Restate, exactly as written, the entries below from the line that holds "2019 Hyundai NEW" through the line that holds "Çaycuma\'da Umre Kafilesi". Pictures are not part of the copy.
─── PROVIDED RECORDS ───
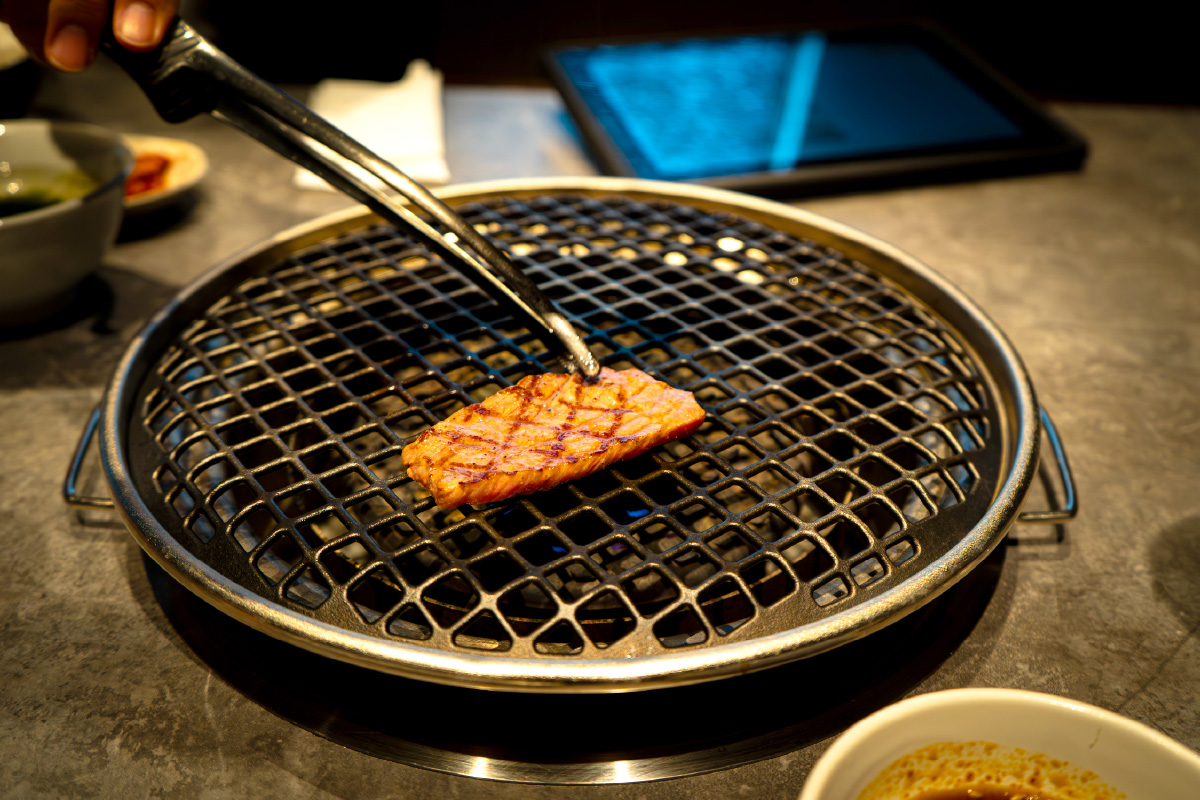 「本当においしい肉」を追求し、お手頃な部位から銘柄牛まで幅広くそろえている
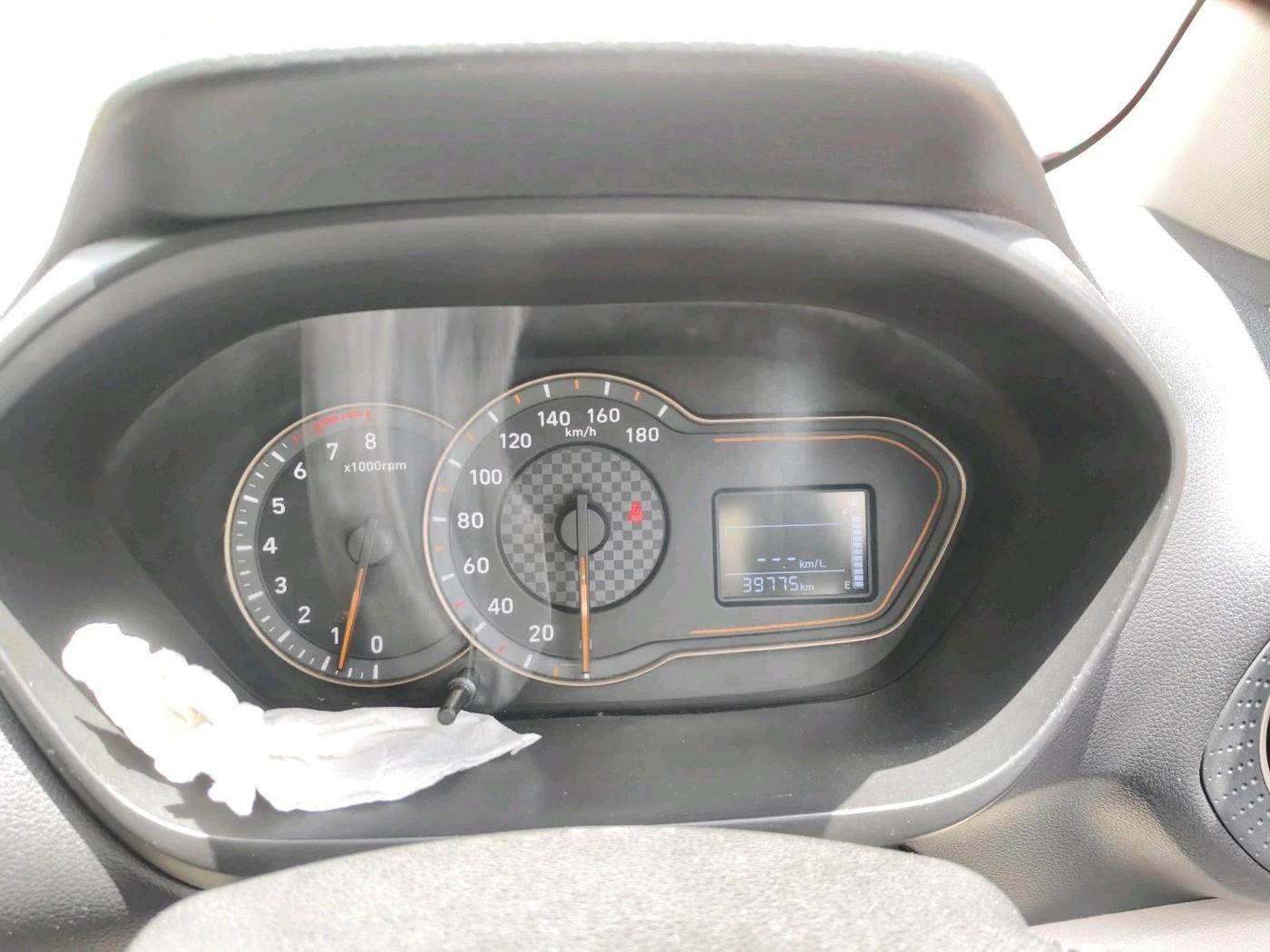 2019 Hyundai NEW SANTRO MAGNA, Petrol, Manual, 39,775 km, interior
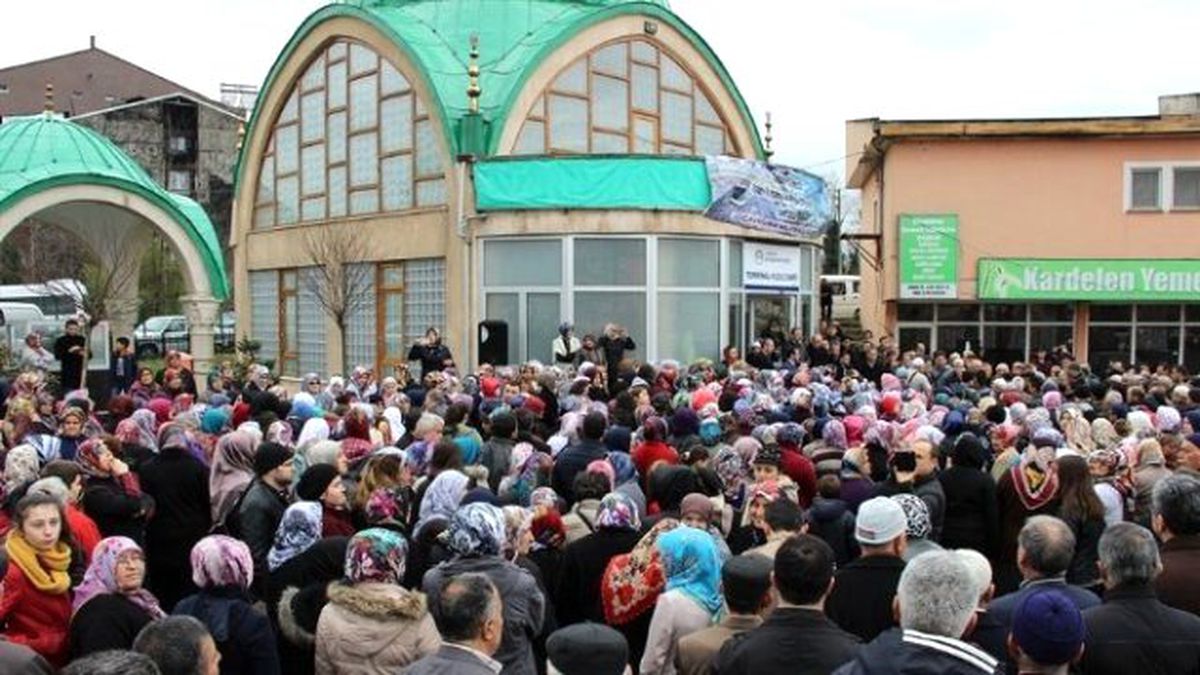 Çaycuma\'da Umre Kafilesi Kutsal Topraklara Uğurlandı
───
─── PROVIDED RECORDS ───
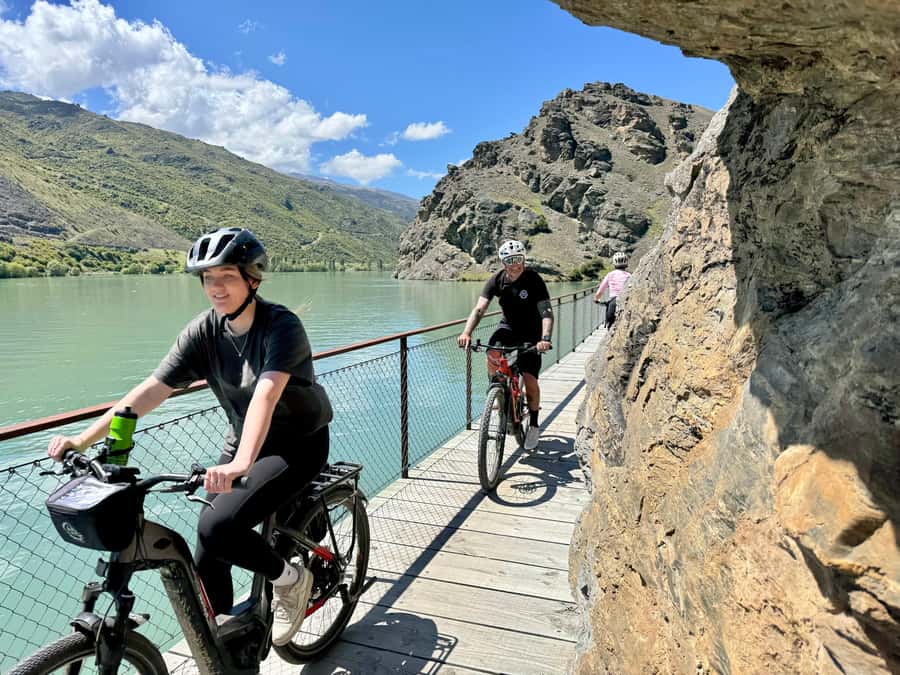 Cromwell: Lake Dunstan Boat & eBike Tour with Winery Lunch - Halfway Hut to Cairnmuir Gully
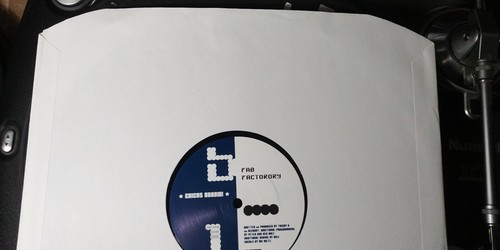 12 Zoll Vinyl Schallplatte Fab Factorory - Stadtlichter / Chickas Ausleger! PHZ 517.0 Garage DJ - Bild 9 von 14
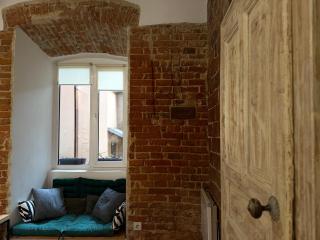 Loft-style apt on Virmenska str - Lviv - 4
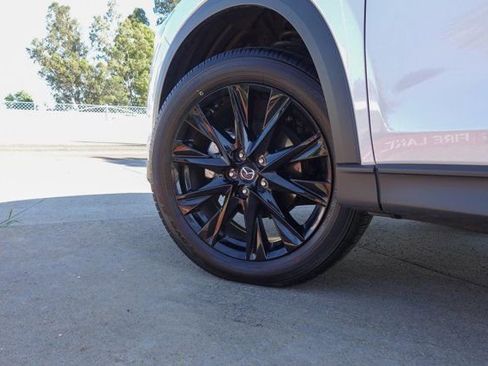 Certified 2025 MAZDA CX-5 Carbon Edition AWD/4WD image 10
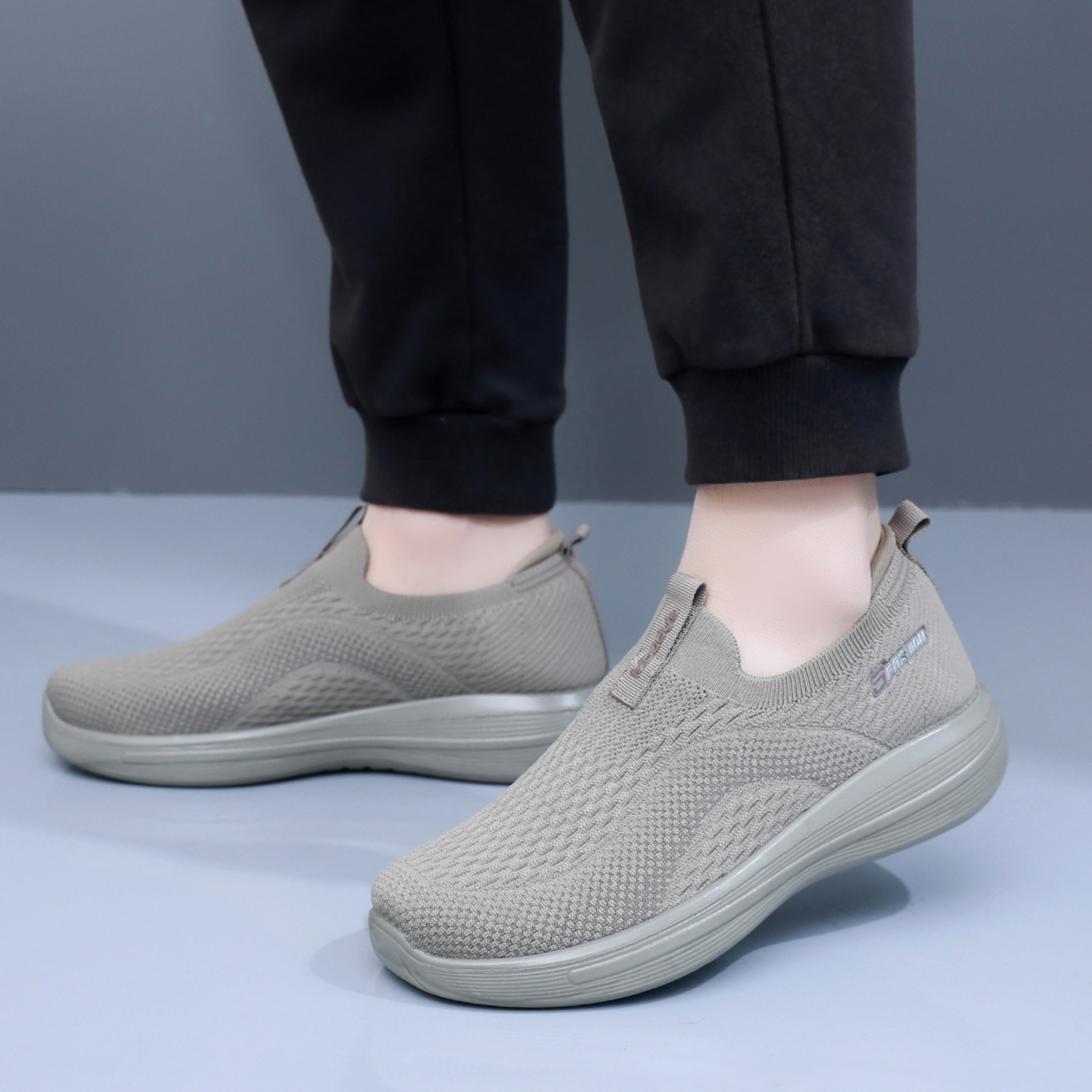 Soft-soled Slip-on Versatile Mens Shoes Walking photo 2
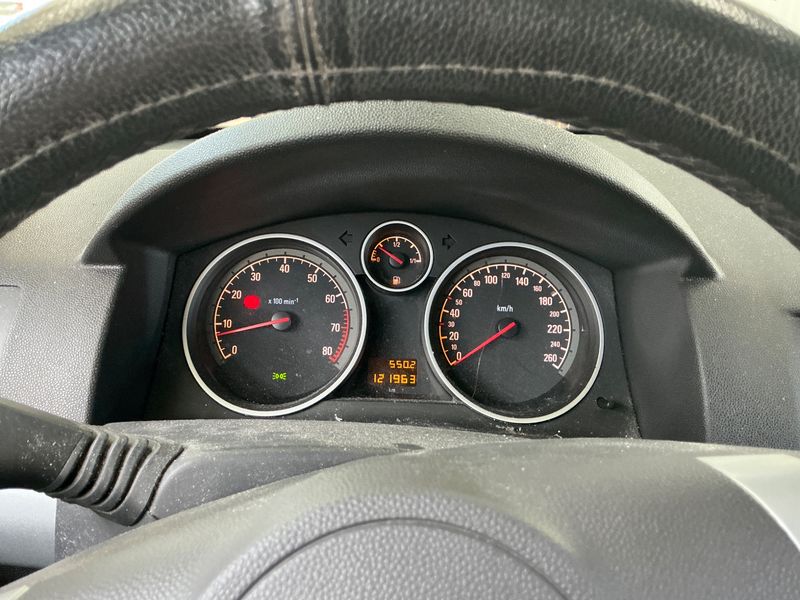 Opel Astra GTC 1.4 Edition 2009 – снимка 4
───
WRITTEN REPLY >>
 2019 Hyundai NEW SANTRO MAGNA, Petrol, Manual, 39,775 km, interior
 Çaycuma\'da Umre Kafilesi Kutsal Topraklara Uğurlandı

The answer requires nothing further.